Das Netzwerkdurchsetzungsgesetz, auch Facebook Gesetz genannt, ist ein Gesetz welches vor Fake News, Hetzerei und Beleidigungen in unseren Sozialen Netzwerken schützen soll. Dabei sollen soziale Netzwerke wie Instagram, und Facebook in ihren Netzwerken anstößige Accounts und Kommentare binnen 24 Stunden löschen, sonst drohen ihnen Strafen in Millionen Höhe.

Was passierte?

Vom Bundesministerium der Justiz und für Verbraucherschutz wurde 2015 eine Arbeitsgruppe zum Umgang mit strafbaren Medien in sozialen Netzwerken gebildet. Einige Netzwerke gaben an sich selber darum zu kümmern, dies reichte dem Ministerium aber nicht.

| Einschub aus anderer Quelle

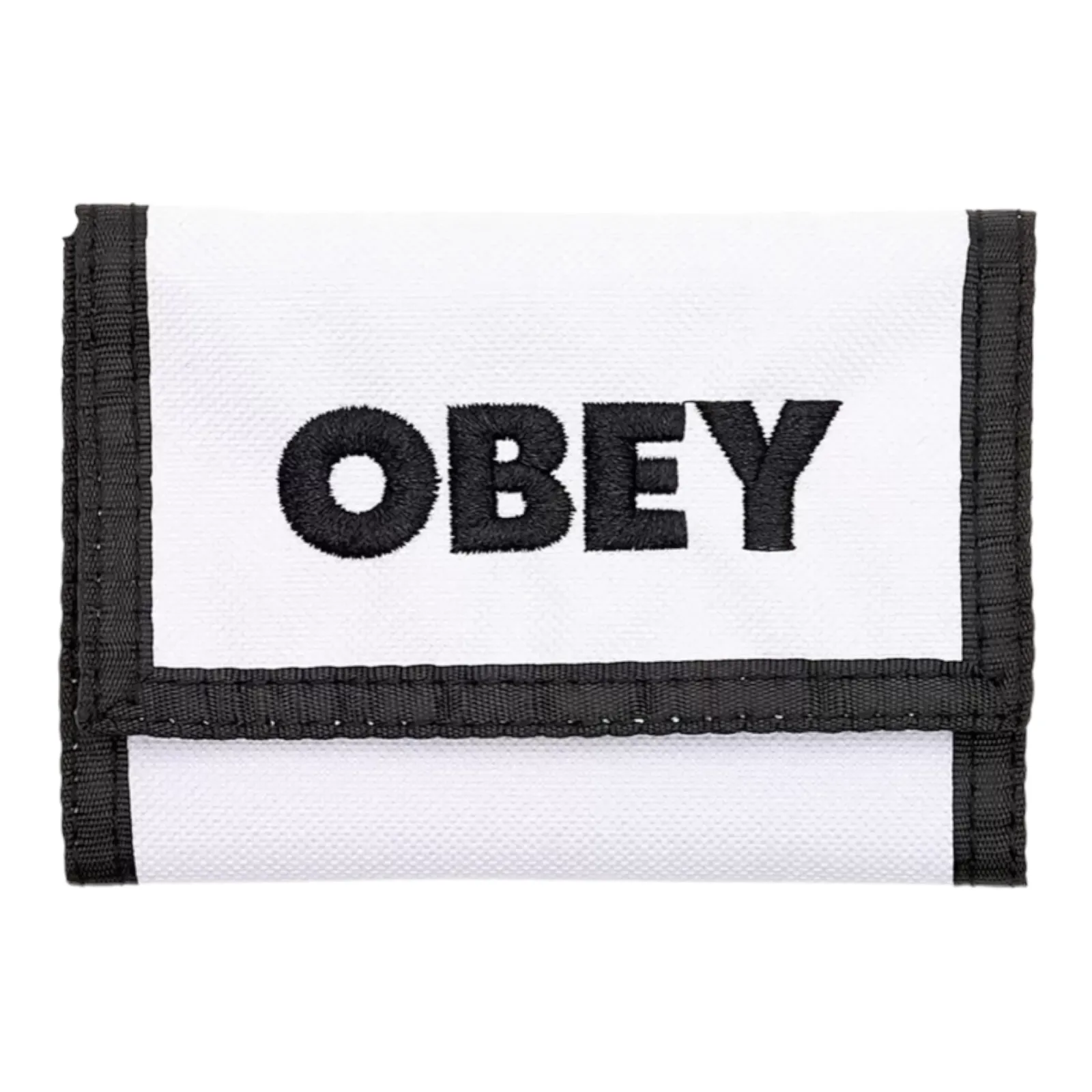 Obey Bold Logo Trifold White Wallet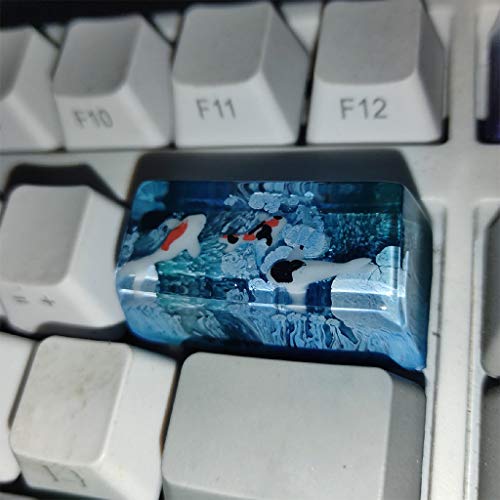Obokidly Customized Keycaps Handgemachte Gradient Green-Blue Koi Fisch Keycaps OEM Harz Custom Made Keycaps für Cherry MX Tastatur, nur Keycap (C-2U) von Obokidly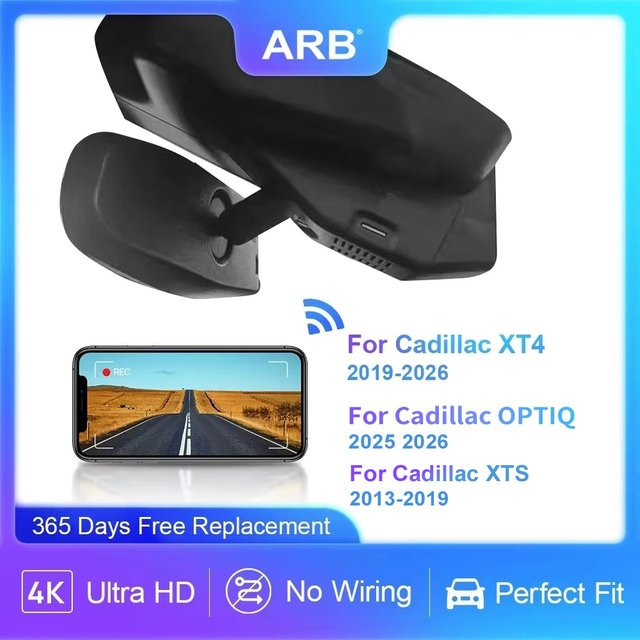 ARB 4K Dashcam Auto-Rekorder mit WLAN für Cadillac XT4 2019-2026, XTS 2013-2019 und OPTIQ 2025-2026, Schwarz - Bild 1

Eine Auswertung der Rechtspraxis bei der Löschung strafbarer Inhalte in sozialen Netzwerke durch „jugendschutz.net“ im Frühjahr 2017 hat, laut Justizminister Heiko Maas ergeben, dass Hasskommentare zu wenig gelöscht werden und er forderte einen höheren Druck auf die Netzwerke. Er argumentierte man müsste gesetzliche Regelungen einführen damit die Netzwerke stärker Hasskommentare löschen und Accounts sperren.

Verabschiedetes Gesetz

Seit Anfang 2018 ist dieses Gesetz nun in Kraft getreten. Laut Zeit Online „eine Maßnahme gegen Hass, Hetze und gezielte Falschdarstellungen im Internet sein.“ Das Gesetz besagt im Klaren:

  • Die Betreiber sozialer Netzwerke müssen Hasskommentare und Accounts die eine Person oder Gruppe beleidigen innerhalb von 24 Stunden löschen oder sperren. Bei komplexeren Fällen kann auch eine Frist von sieben Tagen gegeben sein.
  • Kommen die Betreiber ihren Pflichten nicht nach drohen ihnen Bußgelder in Millionen Höhe

Ist unsere Meinungsfreiheit in Gefahr?

Dadurch, dass es Mitarbeiter der Netzwerke sind und nicht die Justiz, wird die #Meinungsfreiheit dadurch eingeschränkt, dass die Mitarbeiter unter hohem Zeitdruck stehen, sowie dem Druck ihrer Vorgesetzten, die Strafen in Millionen Höhen vermeiden wollen.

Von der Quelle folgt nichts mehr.